The race towards the optimal attention mechanism continues as this year's (arguably) largest computer vision conference CVPR 2021 had another attention mechanism added to the long list. This one is called Coordinate Attention, and was proposed in the paper Coordinate Attention for Efficient Mobile Network Design. At first glance the attention mechanism seems to be a hybrid between Triplet Attention and Strip Pooling, but more specifically targeted for lightweight mobile-deployed networks.

We will first take a look at the motivation behind the work and then follow up with a concise background of Triplet Attention (Rotate to Attend: Convolutional Triplet Attention Module) and Strip Pooling (Strip Pooling: Rethinking Spatial Pooling for Scene Parsing). We will then analyze the structure of the proposed mechanism and conclude this article with the results presented in the paper.

### Table of Contents

- Motivation
- Coordinate Attention
- PyTorch Code
- Results
- Conclusion
- References

Bring this project to life

## Abstract

Recent studies on mobile network design have demonstrated the remarkable effectiveness of channel attention (e.g., the Squeeze-and Excitation attention) for lifting model performance, but they generally neglect the positional information, which is important for generating spatially selective attention maps. In this paper, we propose a novel attention mechanism for mobile networks by embedding positional information into channel attention, which we call "coordinate attention". Unlike channel attention that transforms a feature tensor to a single feature vector via 2D global pooling, the coordinate attention factorizes channel attention into two 1D feature encoding processes that aggregate features along the two spatial directions, respectively. In this way, long range dependencies can be captured along one spatial direction and meanwhile precise positional information can be preserved along the other spatial direction. The resulting feature maps are then encoded separately into a pair of direction-aware and position-sensitive attention maps that can be complementarily applied to the input feature map to augment the representations of the objects of interest. Our coordinate attention is simple and can be flexibly plugged into classic mobile networks, such as MobileNetV2, MobileNeXt, and EfficientNet with nearly no computational overhead. Extensive experiments demonstrate that our coordinate attention is not only beneficial to ImageNet classification but more interestingly, behaves better in down-stream tasks, such as object detection and semantic segmentation.

## Motivation

Architectural design has been a major area of recent research in the domain of Computer Vision. Many might argue that this direction of research is becoming saturated, but research is defying these arguments with several new advancements in the design of custom layers and attention mechanisms. The focus of this post is the latter – Attention Mechanisms. Attention mechanisms essentially provide additional information on 'where' and 'what' to focus on, based on the provided input data. Several attention methods like Squeeze and Excitation (SE), Convolutional Block Attention Module (CBAM), Triplet Attention, Global Context (GC), and many more have demonstrated the efficiency of such plug-in modules to significantly improve the performance of conventional baseline models at a minimal increase in computational complexity. Take the word "minimal" with a grain of salt however, as models have been striving to enforce the performance-increasing benefits of attention modules at the lowest overhead possible. However, the approach of designing these attention mechanisms has been primarily focused on large-scale networks, since the computational overhead introduced by these methods makes them unviable for mobile networks with a limited capacity. Additionally, most attention mechanisms are focused on channel information only, and lose out on expressivity due to negating the spatial information present.

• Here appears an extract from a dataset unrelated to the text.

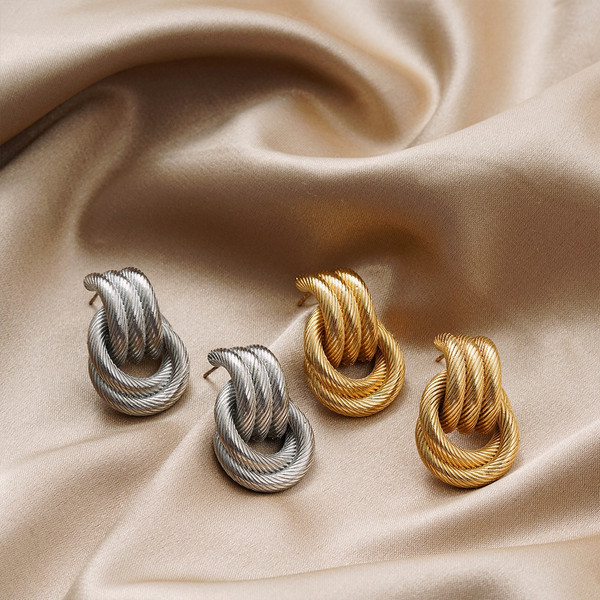 Изображение товара Серьги Aurelia LA1-396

Based on these shortcomings:

In this paper, beyond the first works, we propose a novel and efficient attention mechanism by embedding positional information into channel attention to enable mobile networks to attend over large regions while avoiding incurring significant computation overhead.

The authors call this novel attention mechanism Coordinate Attention, because *its operation distinguishes spatial direction (i.e., coordinate) and generates coordinate-aware attention maps.*

Coordinate attention offers the following advantages. First of all, it captures not only cross-channel but also direction-aware and position-sensitive information, which helps models to more accurately locate and recognize the objects of interest. Secondly, the method is flexible and light-weight, and can be easily plugged into classic building blocks of mobile networks, such as the inverted residual block proposed in MobileNetV2 and the sandglass block proposed in MobileNeXt, to augment the features by emphasizing informative representations. Thirdly, as a pretrained model, coordinate attention can bring significant performance gains to down-stream tasks with mobile networks, especially for those with dense predictions (e.g., semantic segmentation).

## Coordinate Attention

As hinted at in the preface of the article, Coordinate Attention as shown in the above figure (c) is somewhat similar to the structure of Triplet Attention and Strip Pooling published at WACV 2021 and CVPR 2020, respectively. (Spoiler: Both of these papers are also from the same author as that of Coordinate Attention).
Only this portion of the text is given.